The assumption that anti-British resistance was either nationalist or subnational (tribal/sectarian) helps to explain the lack of engagement in Iraq studies with recent scholarship on the “Global 1919” moment, or the wave of anticolonial uprisings sweeping across Asia and Africa at the close of World War I.[8] This absence is especially striking given the size and duration of the 1920 thawra, which has been described as “the most serious armed uprising against British rule in the twentieth century,”[9] and which was preceded by events such as the 1918 anti-British uprising in Najaf. Shahrastani’s prefiguring of anticolonial thawra in his 1912 al-Manar essay, as he set off to establish Islamic revivalist societies in India, is just an example of the kinds of archives that might be assembled if we were to abandon assumptions that for the past century have enclosed the 1920 revolt within national-historical time and state-delimited space.
[1] Hibat al-Din al-Shahrastani, “Asrar al-Thawra,” al-Manar 15, no. 7 (1912): 547.
[2] For example, in Hibat al-Din al-Shahrastani, Rihlat al-Sayyid Hibat al-Din al-Shahrastani ila al-Hind, trans. Jawad Kadhim al-Baydani (Dubai: Dar Madarak li-l-Nashr, 2012), 68.
[3] “Al-`Alam al-Adabi al-Islami,” al-`Ilm 2, no. 4 (2011): 167.
[4] Benedict Anderson, Imagined Communities: Reflections on the Origin and Spread of Nationalism (New York: Verso, 1983).

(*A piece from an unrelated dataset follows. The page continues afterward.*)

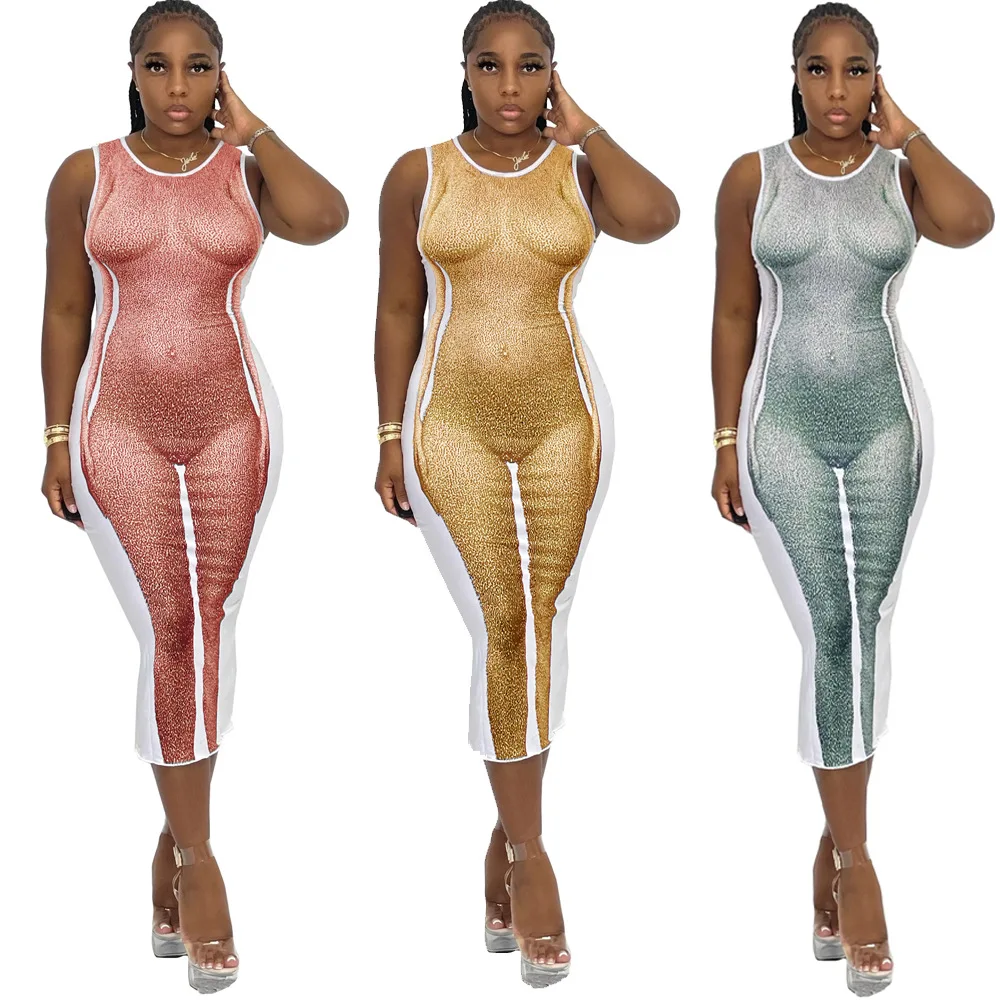 

Custom logo Women's summer fashion print sleeveless personality slim dress, Picture color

[5] Hibat al-Din al-Shahrastani, Mu`arakat al-Shu`ayba 1914-1915: Asrar al-Khayba min Fath al-Shu`ayba, ed. `Ala’ Husayn al-Rahaymi and Isma`il Taha al-Jabiri (Baghdad: Mu`assasat al-Sayyid Hibat al-Din al-Shahrastani li-l-Tiba`a wa-l-Nashr, 2015), 89.
[6] Biographies include Ahmad al-Bahadili, al-Sayyid Hibat al-Din al-Shahrastani: Atharuhu al-Fikriyya wa-Mawaqifuhu al-Siyasiyya (Beirut: Mu’assasat al-Fikr al-Islami, 2002); Muhammad Mahdi al-`Alawi, Hibat al-Din al-Shahrastani (Baghdad: Matba`at al-Adab, 1929).
[7] The tone was set by Hanna Batatu’s analysis: “The armed outbreak that this agitation precipitated could not be said to have been truly nationalist either in its temper or its hopes. It was essentially a tribal affair, and animated by a multiple of local passions and interests, but it became part of nationalist mythology and thus an important factor in the spread of national consciousness.” The Old Social Classes and the Revolutionary Movements of Iraq: A Study of Iraq’s Old Landed and Commercial Classes and of Its Communists, Ba`thists and Free Officers. (Princeton: Princeton University Press, 1978), 23. For a counter-argument that it was “first and foremost an Iraqi nationalist revolution,” see Abbas Kadhim, Reclaiming Iraq: The 1920 Revolution and the Founding of the Modern State (Austin: University of Texas Press, 2012), 52.
[8] For an introduction, see the essays in the “Global 1919” Forum in Journal of Asian Studies 78, no. 2 (2019).
[9] Ian Rutledge, Enemy on the Euphrates: The Battle for Iraq, 1914-1921 (London: Saqi Books, 2014), xxiv. This claim is contestable. For a similar one more plausibly restricted to the interwar period, see Mark Jacobsen, “‘Only by the Sword’: British Counter-insurgency in Iraq, 1920,” Small Wars and insurgencies 12, no. 2 (1991): 323.